US 12,216,527 B1
System and method for data ingestion, anomaly and root cause detection
Abraham Starosta, Miami, FL (US); Francis Beckert, Mountain View, CA (US); and Chandrima Sarkar, Dublin, CA (US)
Assigned to Splunk Inc., San Jose, CA (US)
Filed by Splunk, Inc., San Francisco, CA (US)
Filed on Jan. 24, 2022, as Appl. No. 17/583,056.
This patent is subject to a terminal disclaimer.
Int. Cl. G06F 11/00 (2006.01); G06F 11/07 (2006.01); G06F 16/23 (2019.01); G06N 20/00 (2019.01); G06F 11/30 (2006.01); G06F 11/34 (2006.01)

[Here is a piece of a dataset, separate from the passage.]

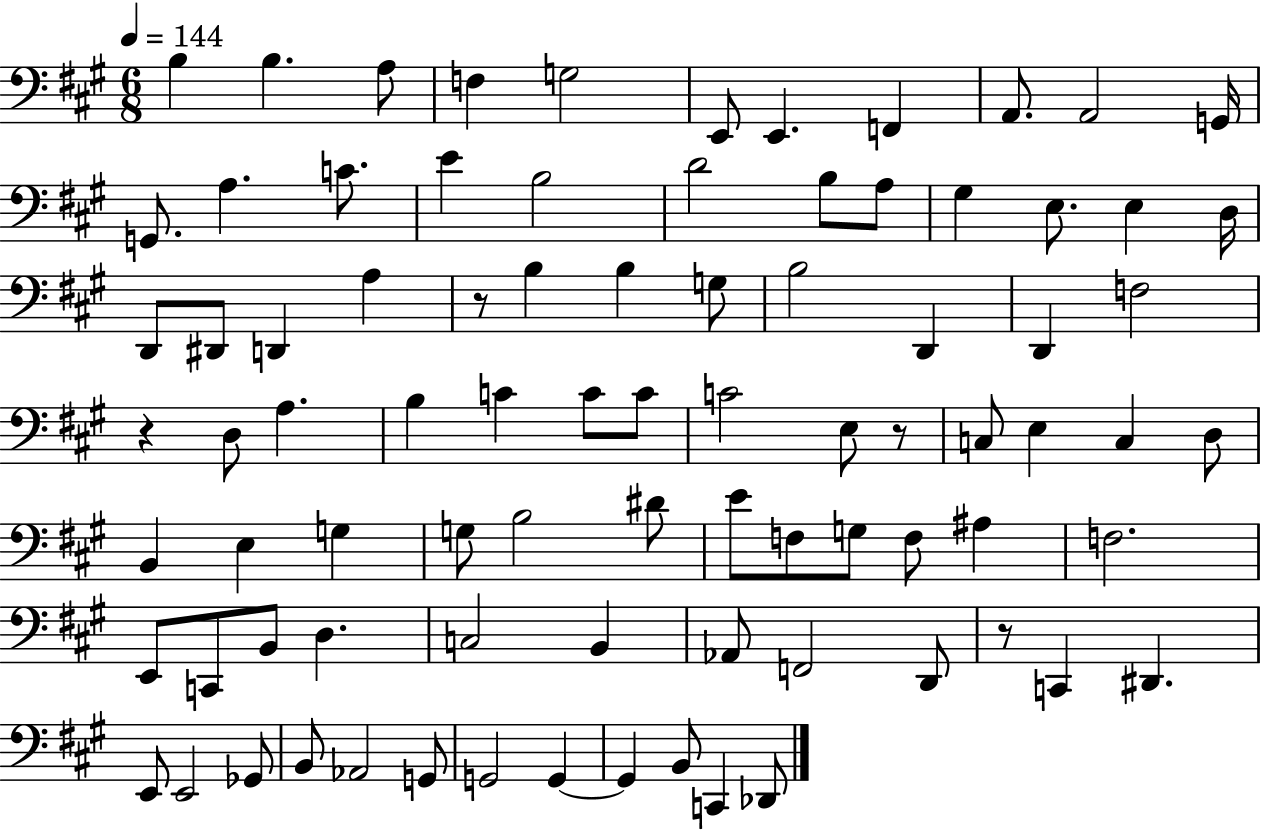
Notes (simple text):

CPC G06F 11/0751 (2013.01) [G06F 11/0781 (2013.01); G06F 16/2365 (2019.01); G06N 20/00 (2019.01); G06F 11/076 (2013.01); G06F 11/079 (2013.01); G06F 11/0793 (2013.01); G06F 11/3058 (2013.01); G06F 11/3447 (2013.01)] 30 Claims
OG exemplary drawing
 
1. A computerized method comprising:
detecting a data ingestion anomaly through deployment of a first machine learning model taking a data ingestion volume as input, wherein detection of the data ingestion anomaly indicates that the data ingestion volume is an anomalous data ingestion volume;
determining a cause for the data ingestion anomaly by at least:
(i) determining features of the anomalous data ingestion volume,
(ii) training a second machine learning model with historical data sets consistent with the determined features of the anomalous data ingestion volume,
(iii) deploying a second machine learning model taking a data ingestion sub-volume as input, wherein the second machine learning model is configured to predict whether the data ingestion sub-volume is anomalous, wherein the data ingestion sub-volume is a portion of the anomalous data ingestion volume,
(iv) obtaining system state information during ingestion of the anomalous data ingestion sub-volume, and
(v) determining the cause of the anomalous data ingestion volume based on the system state information; and
generating a graphical user interface (GUI) that illustrates a graphical representation of the data ingestion volume over a prescribed time period and a visual representation of an error threshold relative to a predicted data ingestion volume over the prescribed time period, wherein the data ingestion anomaly is displayed as a visually distinct visual element from the graphical representation of the data ingestion volume and is displayed outside of the visual representation of the error threshold, and wherein the GUI displays a remedial recommendation for resolving the cause of the anomalous data ingestion value including an indication to fix or replace a component that is inoperable.